Le soleil m’a fait un véritable cadeau ce matin. Il a peint sur la vitre en face de ma table dans le « lounge »,une toile de gouttelettes comme seule la nature sait en créer la beauté. 

Le Rocher-aux-Oiseaux et l’Île Brion se sont révélés dans toute leur splendeur, du coup faisant oublier leurs tristes histoires de naufrageurs et d’îles parfois maudites. Il va faire beau que me dit un passager, comme si cela ne tenait pas de l’évidence. Une partie de moi nage en plein bonheur et l’autre s’ennuie de sa belle. Comme il est difficile de vivre tant de belles choses et de ne pouvoir les partager avec ceux et celles qu’on aime.
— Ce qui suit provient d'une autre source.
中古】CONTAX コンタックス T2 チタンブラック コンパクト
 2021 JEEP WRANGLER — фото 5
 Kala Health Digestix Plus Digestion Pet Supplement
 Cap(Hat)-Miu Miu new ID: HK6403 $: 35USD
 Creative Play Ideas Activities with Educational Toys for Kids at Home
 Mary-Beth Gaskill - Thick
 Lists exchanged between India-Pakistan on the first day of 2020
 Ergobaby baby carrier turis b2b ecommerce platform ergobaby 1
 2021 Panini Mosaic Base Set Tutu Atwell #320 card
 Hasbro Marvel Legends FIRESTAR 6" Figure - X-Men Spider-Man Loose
Une fois à quai, mon scooter « Snoopy »me guidera sur 198 kilomètre d’îles en îles le lendemain. 
Et le jour suivant, je hisserai la grande voile et le foc, montrant ainsi à mon ami Rémy comment le vent se fait complice de nos rêves quand on sait le respecter. Les vagues de la baie intérieure glisseront le long de la frêle coque de ce petit voilier aux formes bourrues et à l’agilité hésitante, mais juste assez pour déclencher des lumières d’émerveillement dans les yeux de mon ami. 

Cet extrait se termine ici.